Typical Tasks in IT Projects

  • create project structure by deliverables or sprints, for example frontend, backend, database, documentation

  • plan specialists and teams as qualifications or roles according to demand

  • detect capacity bottlenecks for scarce profiles, for example security experts or architects

  • coordinate parallel development streams and model dependencies

  • make critical path and risks visible across project boundaries

  • use Rillsoft Integration Server for time entry and developer feedback

  • measure progress and prepare target/actual comparison for control meetings

Typical Working Path

1. Build project structure by deliverables

Structure the IT project into subprojects by deliverable, for example frontend, backend, API, testing, and deployment. Avoid tasks that are too granular. Individual tasks below one working day usually do not belong in the project plan.

2. Plan roles before assigning employees

Assign roles to tasks first, for example Senior Backend Developer, DevOps Engineer, or UX Designer. Capacity balancing then shows whether available employees cover the demand before concrete names are planned.

3. Link parallel development streams

In IT projects, several streams often run in parallel. Use start-start dependencies for activities that should start together and finish-finish dependencies for activities that must finish together. Negative lag models overlaps.

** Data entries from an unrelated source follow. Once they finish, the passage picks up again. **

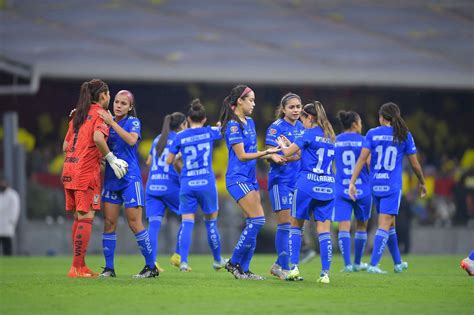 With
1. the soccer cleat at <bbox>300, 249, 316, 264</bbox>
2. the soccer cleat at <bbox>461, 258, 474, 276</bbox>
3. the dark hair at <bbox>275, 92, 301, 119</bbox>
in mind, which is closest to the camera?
the dark hair at <bbox>275, 92, 301, 119</bbox>

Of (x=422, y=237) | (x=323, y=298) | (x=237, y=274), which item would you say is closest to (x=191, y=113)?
(x=237, y=274)

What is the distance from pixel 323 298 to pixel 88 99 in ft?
12.6

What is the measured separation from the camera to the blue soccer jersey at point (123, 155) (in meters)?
13.5

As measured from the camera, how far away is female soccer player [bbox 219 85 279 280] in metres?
13.4

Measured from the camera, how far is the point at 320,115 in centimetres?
1348

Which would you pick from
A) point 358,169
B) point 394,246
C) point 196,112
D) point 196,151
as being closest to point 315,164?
point 196,112

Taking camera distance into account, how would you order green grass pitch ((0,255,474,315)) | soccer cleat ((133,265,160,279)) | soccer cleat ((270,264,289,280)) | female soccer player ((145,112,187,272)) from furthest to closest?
female soccer player ((145,112,187,272)) → soccer cleat ((270,264,289,280)) → soccer cleat ((133,265,160,279)) → green grass pitch ((0,255,474,315))

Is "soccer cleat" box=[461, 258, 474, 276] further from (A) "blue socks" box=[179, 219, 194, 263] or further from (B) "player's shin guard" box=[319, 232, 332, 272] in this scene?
(A) "blue socks" box=[179, 219, 194, 263]

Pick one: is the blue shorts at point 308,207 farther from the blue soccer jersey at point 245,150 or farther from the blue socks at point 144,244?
the blue socks at point 144,244

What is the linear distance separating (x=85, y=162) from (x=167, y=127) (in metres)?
3.90

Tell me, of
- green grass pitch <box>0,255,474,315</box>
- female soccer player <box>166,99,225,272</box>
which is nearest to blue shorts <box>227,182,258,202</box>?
green grass pitch <box>0,255,474,315</box>

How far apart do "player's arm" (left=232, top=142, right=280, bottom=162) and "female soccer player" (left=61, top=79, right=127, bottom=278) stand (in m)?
1.32

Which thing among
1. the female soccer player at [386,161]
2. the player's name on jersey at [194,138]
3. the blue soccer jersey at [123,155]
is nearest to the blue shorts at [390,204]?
the female soccer player at [386,161]

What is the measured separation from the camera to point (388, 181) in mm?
16562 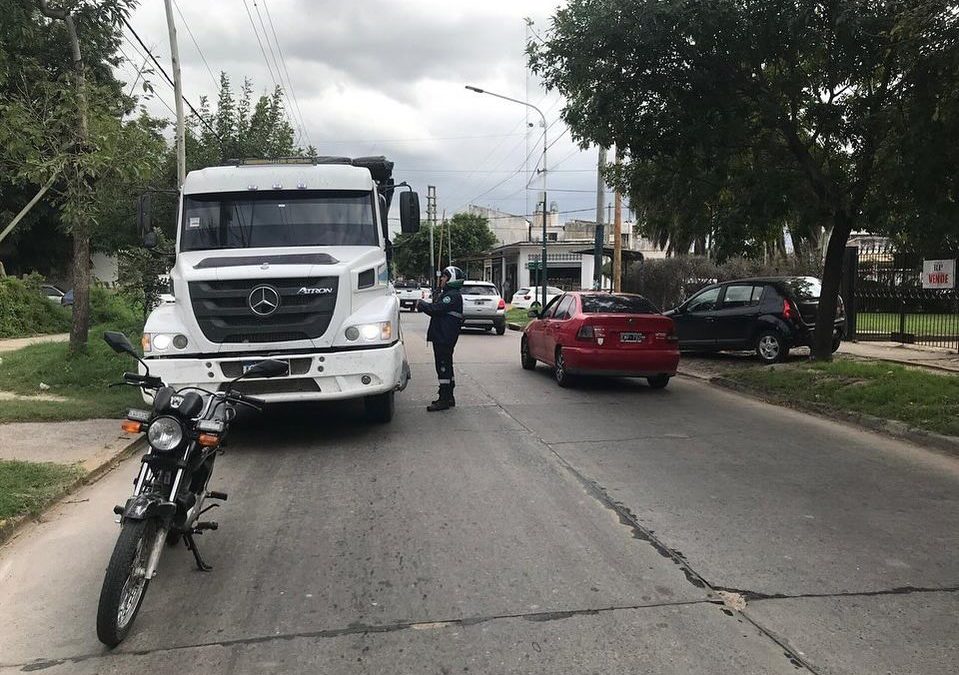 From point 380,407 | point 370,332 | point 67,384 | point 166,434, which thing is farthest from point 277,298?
point 67,384

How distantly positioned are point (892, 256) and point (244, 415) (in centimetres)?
1499

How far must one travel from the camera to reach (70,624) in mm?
3898

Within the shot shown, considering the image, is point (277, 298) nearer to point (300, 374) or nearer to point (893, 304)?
point (300, 374)

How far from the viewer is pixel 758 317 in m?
14.4

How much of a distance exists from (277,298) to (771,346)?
10.1 meters

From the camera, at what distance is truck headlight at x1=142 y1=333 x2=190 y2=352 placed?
24.1 feet

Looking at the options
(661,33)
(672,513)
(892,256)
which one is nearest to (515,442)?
A: (672,513)

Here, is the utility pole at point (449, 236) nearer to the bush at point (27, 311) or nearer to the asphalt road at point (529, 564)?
the bush at point (27, 311)

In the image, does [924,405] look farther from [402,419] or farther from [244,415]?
[244,415]

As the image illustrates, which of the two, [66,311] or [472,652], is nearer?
[472,652]

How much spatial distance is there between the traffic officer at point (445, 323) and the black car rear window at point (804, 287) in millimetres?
7592

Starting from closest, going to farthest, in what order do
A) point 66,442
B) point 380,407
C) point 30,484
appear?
point 30,484 < point 66,442 < point 380,407

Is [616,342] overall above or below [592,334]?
below

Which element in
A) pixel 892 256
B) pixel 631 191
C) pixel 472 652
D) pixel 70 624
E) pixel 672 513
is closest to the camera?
pixel 472 652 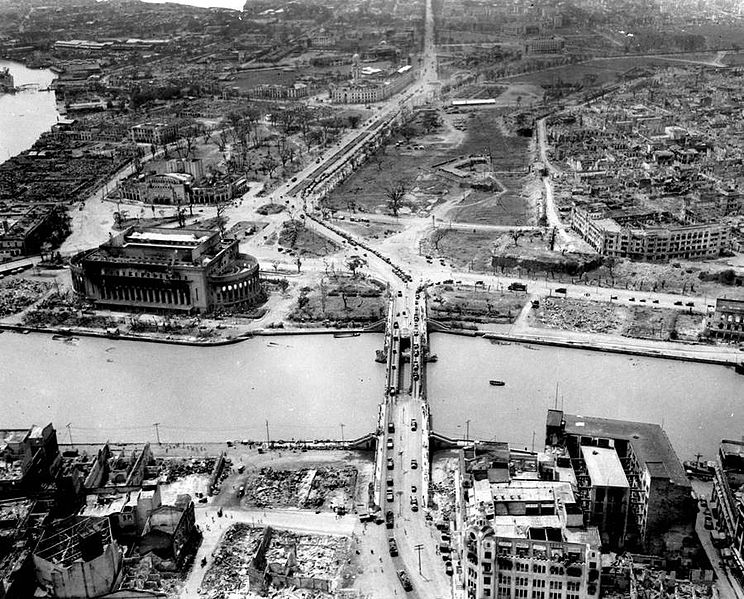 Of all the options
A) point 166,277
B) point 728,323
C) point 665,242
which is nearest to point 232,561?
point 166,277

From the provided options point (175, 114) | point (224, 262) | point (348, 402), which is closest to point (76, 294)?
point (224, 262)

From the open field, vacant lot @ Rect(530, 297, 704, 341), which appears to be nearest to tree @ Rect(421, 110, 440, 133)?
the open field

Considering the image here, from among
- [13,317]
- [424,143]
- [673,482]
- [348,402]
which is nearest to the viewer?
[673,482]

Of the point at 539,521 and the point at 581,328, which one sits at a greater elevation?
the point at 539,521

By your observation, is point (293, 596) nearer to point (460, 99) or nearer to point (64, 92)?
point (460, 99)

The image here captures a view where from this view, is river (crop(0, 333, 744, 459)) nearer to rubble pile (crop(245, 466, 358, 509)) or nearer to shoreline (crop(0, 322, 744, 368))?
shoreline (crop(0, 322, 744, 368))

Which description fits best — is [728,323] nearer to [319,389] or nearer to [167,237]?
[319,389] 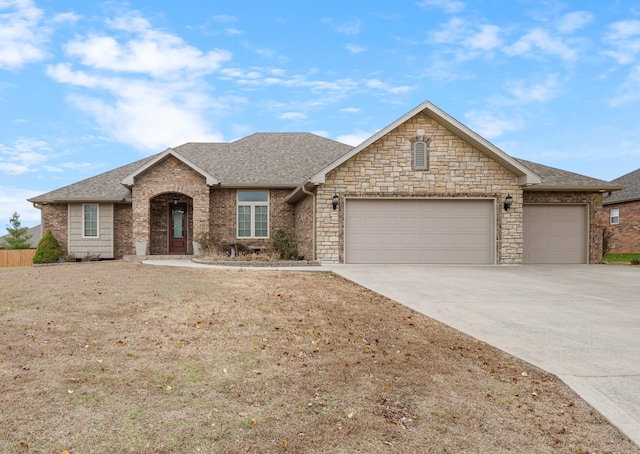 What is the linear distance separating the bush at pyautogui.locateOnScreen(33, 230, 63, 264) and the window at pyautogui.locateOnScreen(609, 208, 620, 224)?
30.6m

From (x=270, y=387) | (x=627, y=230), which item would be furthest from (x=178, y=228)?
(x=627, y=230)

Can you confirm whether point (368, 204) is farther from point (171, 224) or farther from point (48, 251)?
point (48, 251)

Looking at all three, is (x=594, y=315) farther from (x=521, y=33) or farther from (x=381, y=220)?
(x=521, y=33)

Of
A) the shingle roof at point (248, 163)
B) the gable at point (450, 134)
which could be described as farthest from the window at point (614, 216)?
the shingle roof at point (248, 163)

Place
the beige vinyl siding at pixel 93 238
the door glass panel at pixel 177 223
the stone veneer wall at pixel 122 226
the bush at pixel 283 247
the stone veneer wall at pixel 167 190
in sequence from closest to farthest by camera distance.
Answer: the bush at pixel 283 247 → the stone veneer wall at pixel 167 190 → the beige vinyl siding at pixel 93 238 → the stone veneer wall at pixel 122 226 → the door glass panel at pixel 177 223

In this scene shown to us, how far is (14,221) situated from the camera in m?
35.9

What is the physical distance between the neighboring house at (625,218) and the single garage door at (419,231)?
43.5ft

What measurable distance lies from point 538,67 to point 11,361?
16.7 m

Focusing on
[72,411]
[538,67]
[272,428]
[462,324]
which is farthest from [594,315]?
[538,67]

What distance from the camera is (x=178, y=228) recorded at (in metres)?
19.4

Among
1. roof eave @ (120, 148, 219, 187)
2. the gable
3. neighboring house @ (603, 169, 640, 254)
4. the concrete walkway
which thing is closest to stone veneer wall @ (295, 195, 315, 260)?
the gable

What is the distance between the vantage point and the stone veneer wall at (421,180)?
14609mm

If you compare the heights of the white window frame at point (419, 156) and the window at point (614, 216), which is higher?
the white window frame at point (419, 156)

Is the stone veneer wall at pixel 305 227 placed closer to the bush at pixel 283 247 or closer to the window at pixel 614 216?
the bush at pixel 283 247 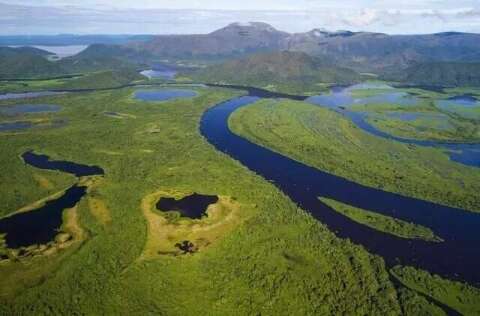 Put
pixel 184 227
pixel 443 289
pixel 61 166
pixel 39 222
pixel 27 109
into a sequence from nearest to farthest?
1. pixel 443 289
2. pixel 184 227
3. pixel 39 222
4. pixel 61 166
5. pixel 27 109

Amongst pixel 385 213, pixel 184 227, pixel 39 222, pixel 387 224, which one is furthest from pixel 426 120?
pixel 39 222

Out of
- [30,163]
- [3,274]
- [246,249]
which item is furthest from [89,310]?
[30,163]

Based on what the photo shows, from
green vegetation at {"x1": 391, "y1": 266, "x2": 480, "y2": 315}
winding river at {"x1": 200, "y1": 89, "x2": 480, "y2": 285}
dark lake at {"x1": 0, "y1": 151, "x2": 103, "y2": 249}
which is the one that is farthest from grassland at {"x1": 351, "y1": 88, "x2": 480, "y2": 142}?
dark lake at {"x1": 0, "y1": 151, "x2": 103, "y2": 249}

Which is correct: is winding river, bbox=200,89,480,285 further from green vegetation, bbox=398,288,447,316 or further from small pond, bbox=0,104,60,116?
small pond, bbox=0,104,60,116

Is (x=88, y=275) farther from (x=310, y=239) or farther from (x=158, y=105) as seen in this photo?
(x=158, y=105)

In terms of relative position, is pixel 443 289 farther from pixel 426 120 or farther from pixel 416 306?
pixel 426 120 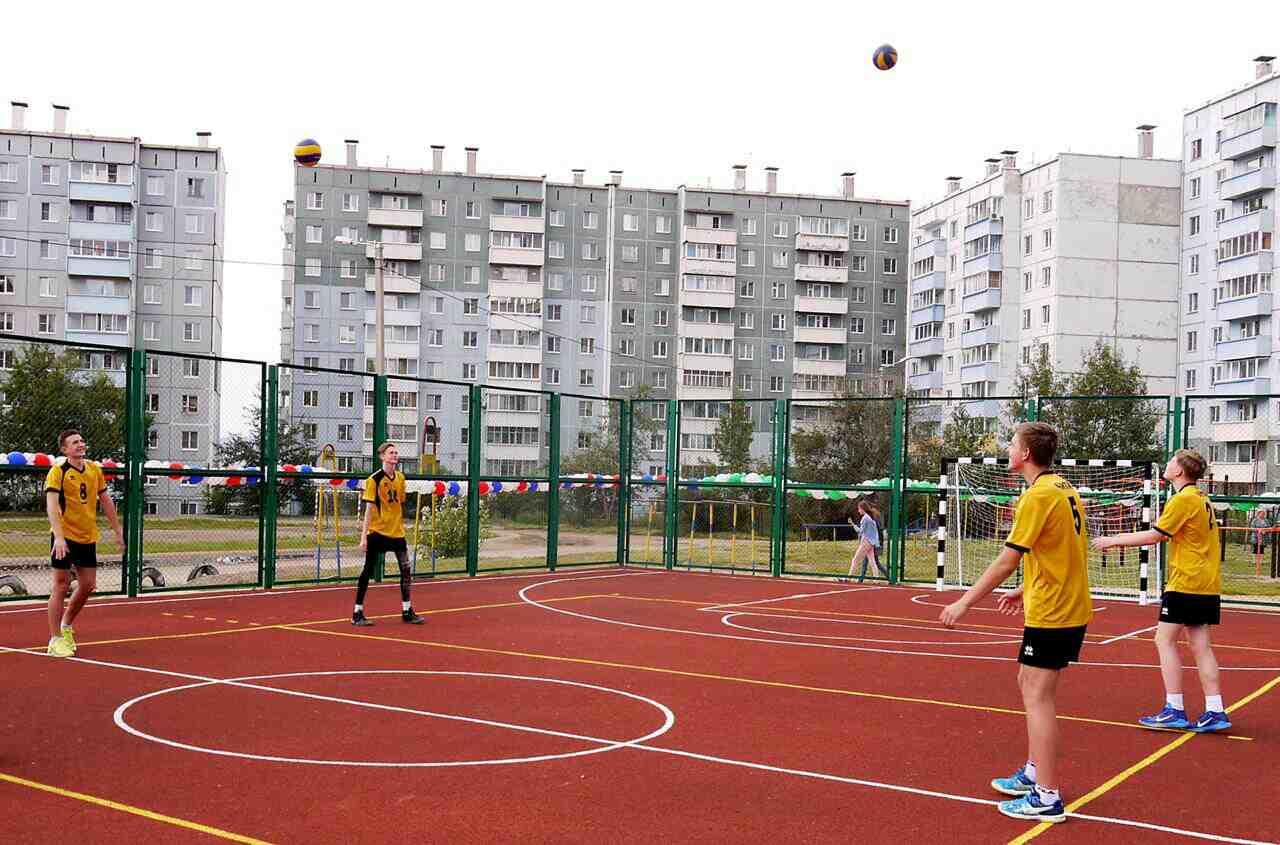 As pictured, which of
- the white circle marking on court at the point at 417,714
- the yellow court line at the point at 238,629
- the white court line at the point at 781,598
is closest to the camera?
the white circle marking on court at the point at 417,714

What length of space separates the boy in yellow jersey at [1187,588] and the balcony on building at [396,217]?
74399 mm

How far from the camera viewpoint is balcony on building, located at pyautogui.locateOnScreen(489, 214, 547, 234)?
267 feet

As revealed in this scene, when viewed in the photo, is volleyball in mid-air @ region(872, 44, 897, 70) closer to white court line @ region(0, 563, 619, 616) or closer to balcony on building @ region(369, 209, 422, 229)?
white court line @ region(0, 563, 619, 616)

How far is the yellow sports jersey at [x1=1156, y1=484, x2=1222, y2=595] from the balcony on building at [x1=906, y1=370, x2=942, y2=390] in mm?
74821

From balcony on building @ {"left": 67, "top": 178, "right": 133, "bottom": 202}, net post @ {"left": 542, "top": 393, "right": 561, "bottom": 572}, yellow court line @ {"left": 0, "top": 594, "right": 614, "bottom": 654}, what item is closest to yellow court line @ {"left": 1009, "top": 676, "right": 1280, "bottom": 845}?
yellow court line @ {"left": 0, "top": 594, "right": 614, "bottom": 654}

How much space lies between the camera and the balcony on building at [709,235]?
8350 centimetres

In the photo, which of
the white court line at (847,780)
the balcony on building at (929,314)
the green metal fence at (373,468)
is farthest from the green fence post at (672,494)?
the balcony on building at (929,314)

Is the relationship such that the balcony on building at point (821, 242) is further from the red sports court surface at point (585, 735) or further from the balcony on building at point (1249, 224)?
the red sports court surface at point (585, 735)

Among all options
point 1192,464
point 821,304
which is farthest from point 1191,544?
point 821,304

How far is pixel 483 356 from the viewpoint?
82.1m

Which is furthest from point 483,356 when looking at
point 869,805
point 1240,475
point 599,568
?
point 869,805

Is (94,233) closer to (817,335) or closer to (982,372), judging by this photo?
(817,335)

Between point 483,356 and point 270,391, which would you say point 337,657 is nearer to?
point 270,391

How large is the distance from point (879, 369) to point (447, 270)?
97.4 ft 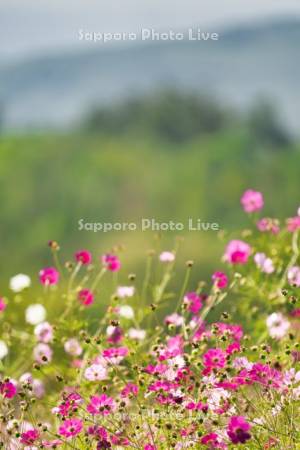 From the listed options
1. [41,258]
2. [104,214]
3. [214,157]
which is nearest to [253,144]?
[214,157]

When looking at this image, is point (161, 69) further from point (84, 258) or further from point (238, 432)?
point (238, 432)

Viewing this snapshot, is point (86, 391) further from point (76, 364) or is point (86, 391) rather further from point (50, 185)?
point (50, 185)

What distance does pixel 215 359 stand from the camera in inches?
103

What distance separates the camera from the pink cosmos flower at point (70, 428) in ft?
8.39

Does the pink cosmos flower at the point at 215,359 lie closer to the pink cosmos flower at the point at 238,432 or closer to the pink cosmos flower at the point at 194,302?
the pink cosmos flower at the point at 238,432

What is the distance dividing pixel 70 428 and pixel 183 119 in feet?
136

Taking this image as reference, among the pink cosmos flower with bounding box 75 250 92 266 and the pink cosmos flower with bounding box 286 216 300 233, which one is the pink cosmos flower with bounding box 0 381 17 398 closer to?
the pink cosmos flower with bounding box 75 250 92 266

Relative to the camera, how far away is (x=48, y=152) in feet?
127

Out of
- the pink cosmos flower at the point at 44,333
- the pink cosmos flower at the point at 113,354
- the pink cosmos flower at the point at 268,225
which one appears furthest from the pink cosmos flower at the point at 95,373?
the pink cosmos flower at the point at 268,225

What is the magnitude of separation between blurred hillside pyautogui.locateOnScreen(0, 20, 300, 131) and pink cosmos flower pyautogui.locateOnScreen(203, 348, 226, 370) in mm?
55717

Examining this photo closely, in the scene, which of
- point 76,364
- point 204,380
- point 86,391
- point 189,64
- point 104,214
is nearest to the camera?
point 204,380

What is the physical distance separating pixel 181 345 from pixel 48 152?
118 ft

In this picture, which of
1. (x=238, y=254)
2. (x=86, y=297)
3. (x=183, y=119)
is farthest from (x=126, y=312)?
(x=183, y=119)

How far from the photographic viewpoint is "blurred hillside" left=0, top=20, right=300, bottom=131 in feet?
221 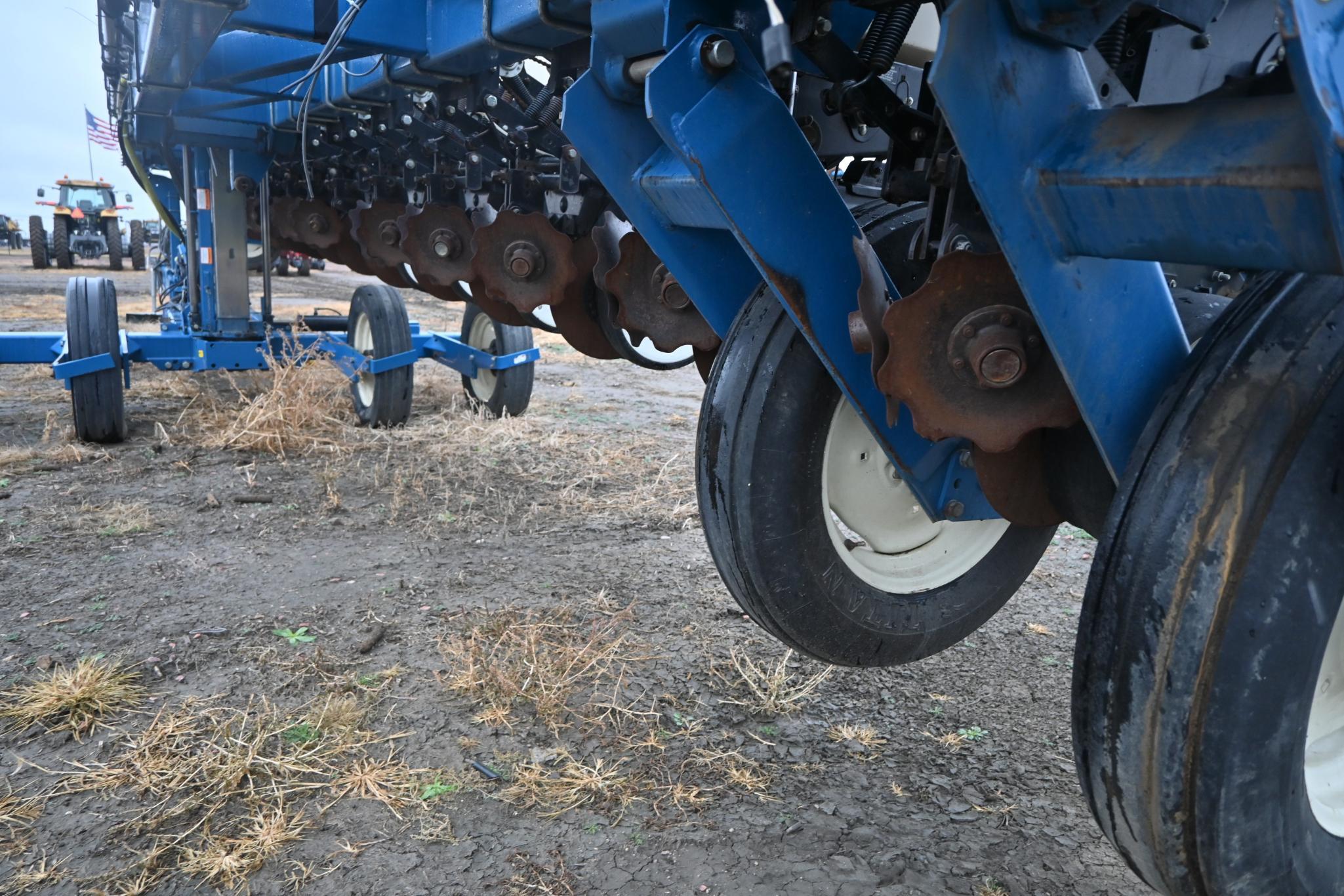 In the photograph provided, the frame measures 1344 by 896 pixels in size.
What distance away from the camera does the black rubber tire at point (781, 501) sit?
1688mm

4. Perform capacity balancing for bottleneck profiles

After role planning, check whether bottleneck profiles, meaning rare qualifications, are short. Capacity balancing shows this aggregated across all projects.

5. Use Rillsoft Integration Server for time entry

If developers should report their own effort, set up feedback through Integration Server. Developers enter actual hours directly at the task, and the project manager sees progress in target/actual comparison.

6. Progress and control

Use the information panel to keep late activities, overloaded resources, and consistency problems visible. Save a baseline before actual development starts.

Important Views for IT Project Managers

View

Use

Gantt chart

Daily work: tasks, dependencies, critical path

Role utilization

Capacity demand per qualification over the project period

Team utilization

Utilization of complete development teams at a glance

Employee utilization

Individual utilization of developers and specialists

Network diagram

Check process logic, especially for complex sprint handovers

Information panel

Late activities, consistency checks, external links such as tickets or wikis

Portfolio bar chart

Overview of all IT projects and their resource competition

Typical Decisions

Situation

Recommendation

Security review blocks several successors

Create the security review as a milestone and link all dependent tasks with finish-start.

Frontend and backend can be developed in parallel

Use a shared start-start dependency after design approval and finish-finish for integration testing.

DevOps resource is a bottleneck across several projects

Check role utilization in the portfolio context and perform capacity balancing across the summary project.

Developers should report actual effort themselves

Set up feedback through Integration Server and access rights for project tasks.

Sprint transition: current sprint ends, next sprint starts

Use a milestone at sprint end, a new sprint as subproject, and a finish-start dependency.

Deployment date is contractually fixed

Create deployment as a milestone with fixed date and make preceding float visible.

External API delivery is unclear

Create a task with estimated duration, add a note, and update it after clarification.